# WORKING DATA
- Opening Delimiter -

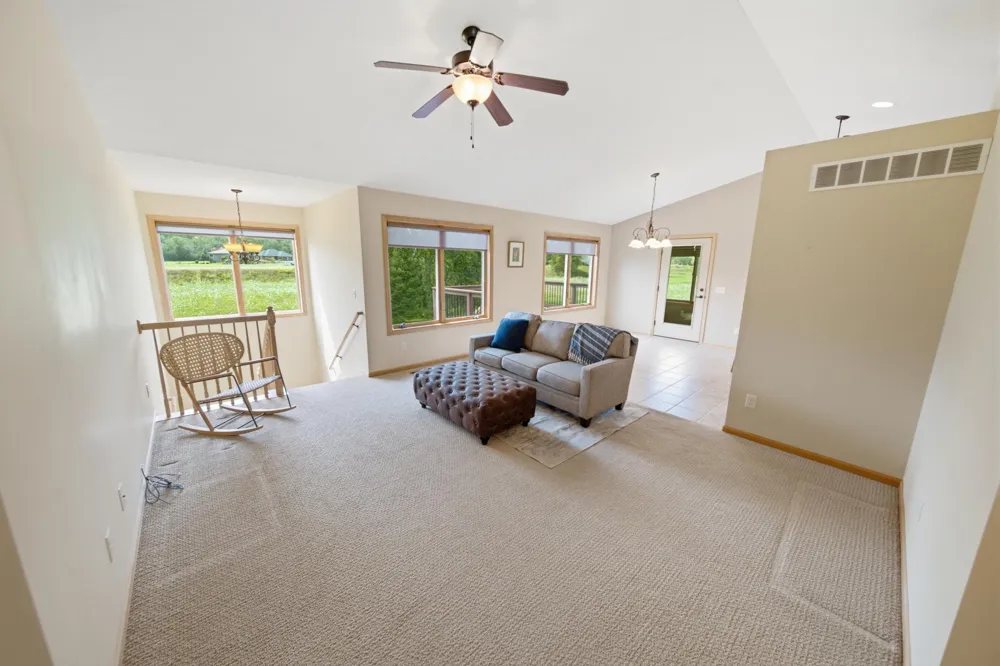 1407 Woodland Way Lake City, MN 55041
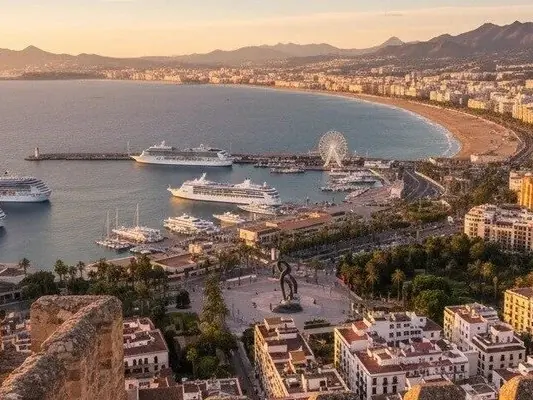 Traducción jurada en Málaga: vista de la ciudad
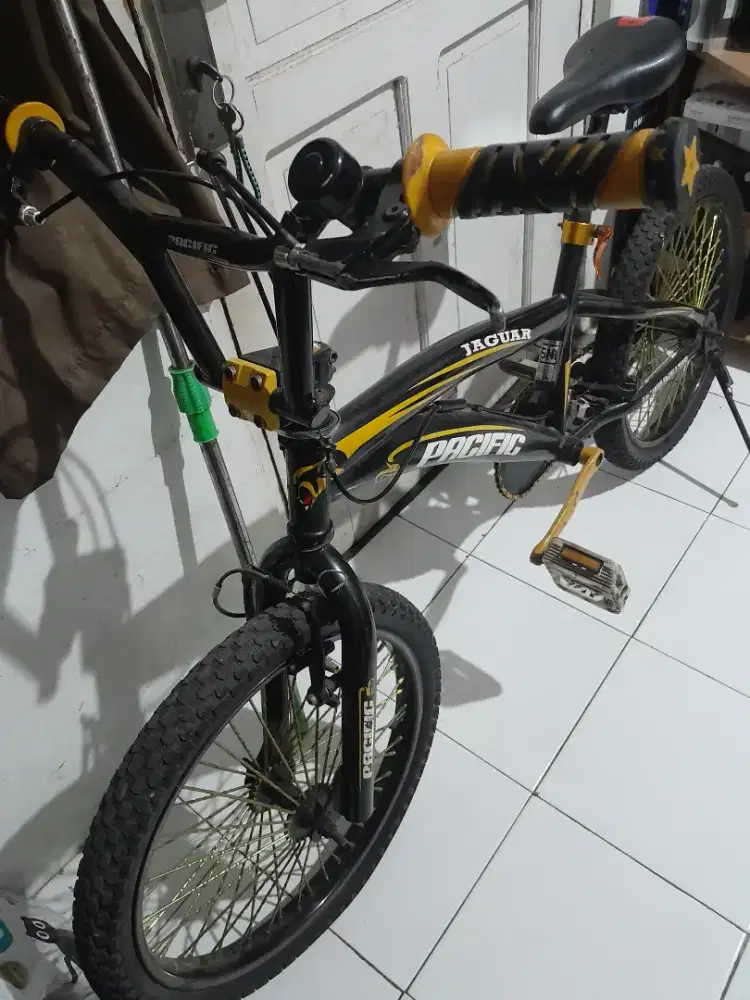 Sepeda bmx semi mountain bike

- Closing Delimiter -
- Opening Delimiter -

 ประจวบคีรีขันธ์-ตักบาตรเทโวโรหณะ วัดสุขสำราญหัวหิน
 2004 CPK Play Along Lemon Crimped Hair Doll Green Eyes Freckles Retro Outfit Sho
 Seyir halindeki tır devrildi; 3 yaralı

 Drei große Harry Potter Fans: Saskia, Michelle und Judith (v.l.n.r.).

- Closing Delimiter -
- Opening Delimiter -

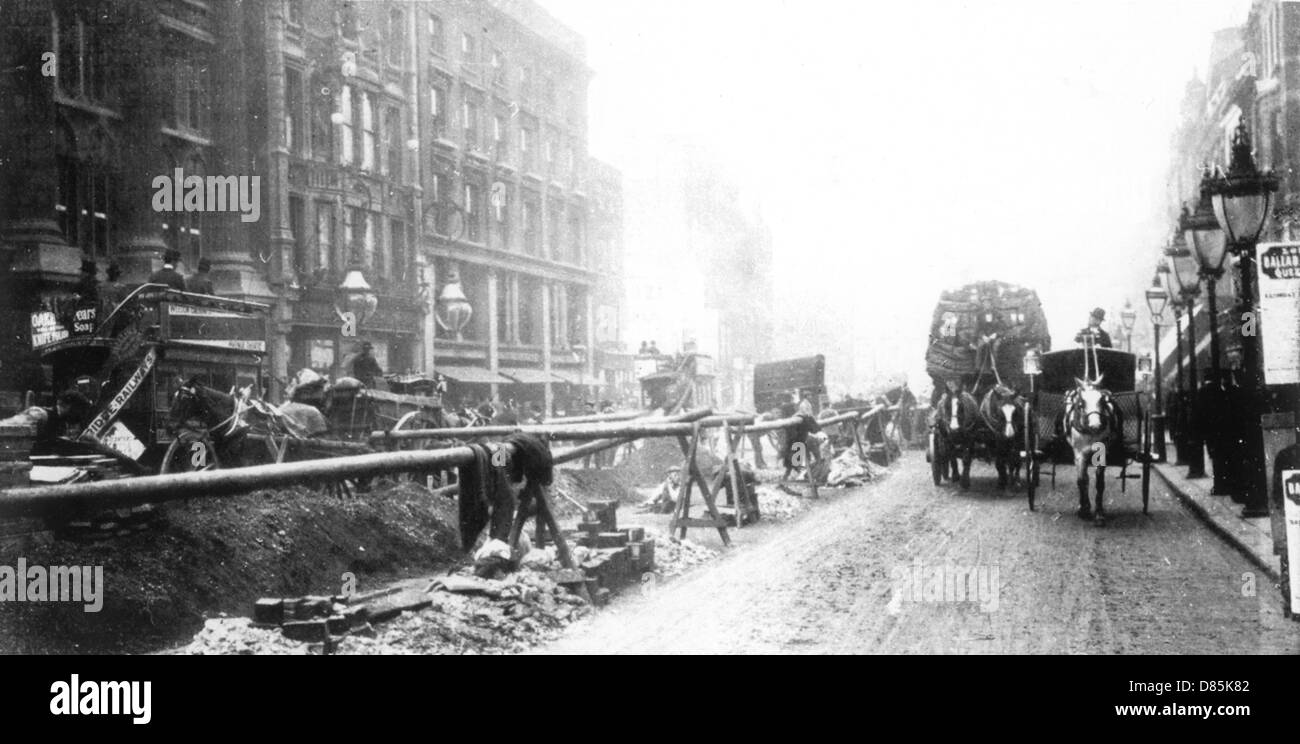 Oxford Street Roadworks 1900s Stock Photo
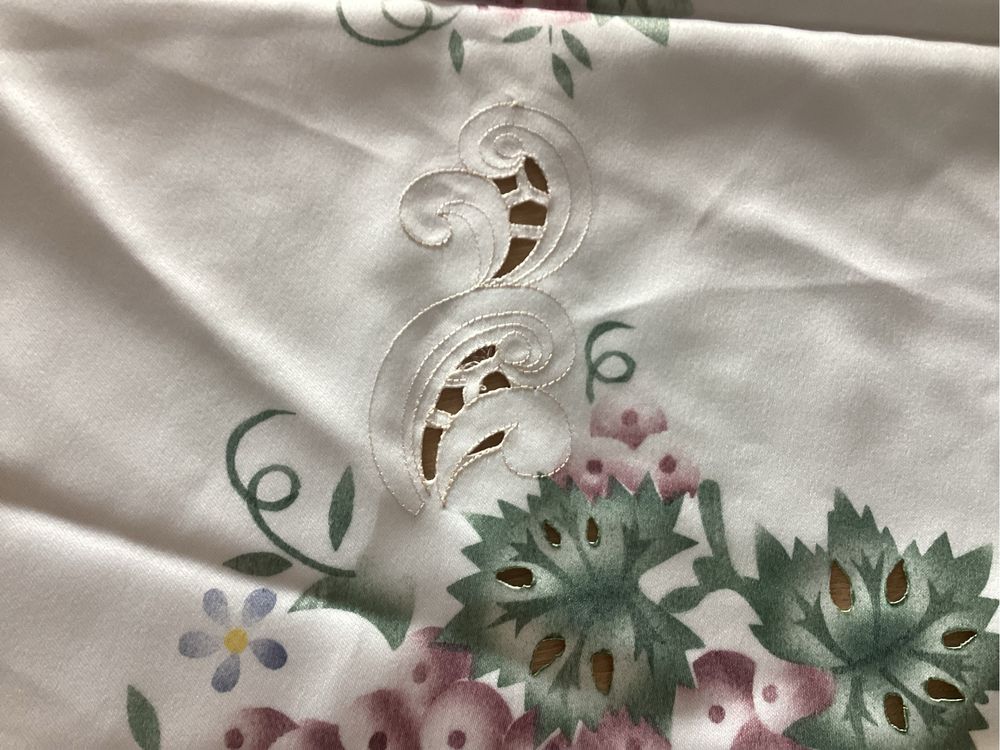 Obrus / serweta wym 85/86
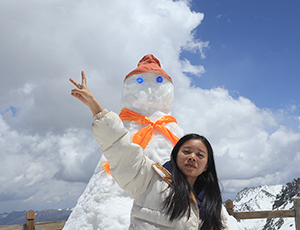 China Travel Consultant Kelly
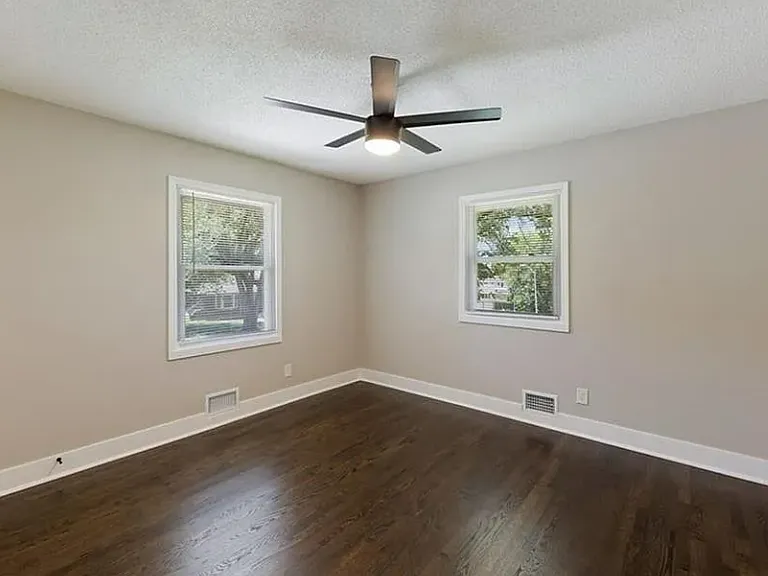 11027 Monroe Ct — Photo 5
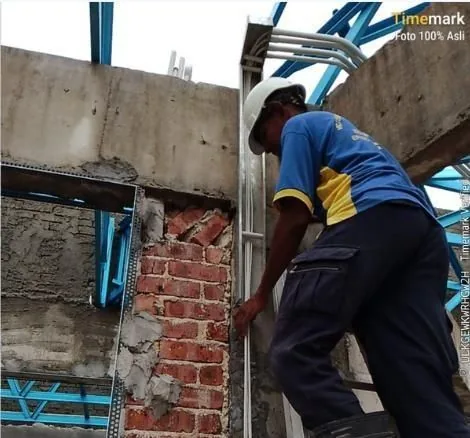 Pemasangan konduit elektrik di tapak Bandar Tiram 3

- Closing Delimiter -

# YOUR TASK
Exact repeat of the material above: every line from the one with "1407 Woodland Way Lake City, MN 55041" through the one with "Sepeda bmx semi mountain bike", endpoints included, and nothing more. No pictures.

# RESULT FOR THIS EXERCISE
 1407 Woodland Way Lake City, MN 55041
 Traducción jurada en Málaga: vista de la ciudad
 Sepeda bmx semi mountain bike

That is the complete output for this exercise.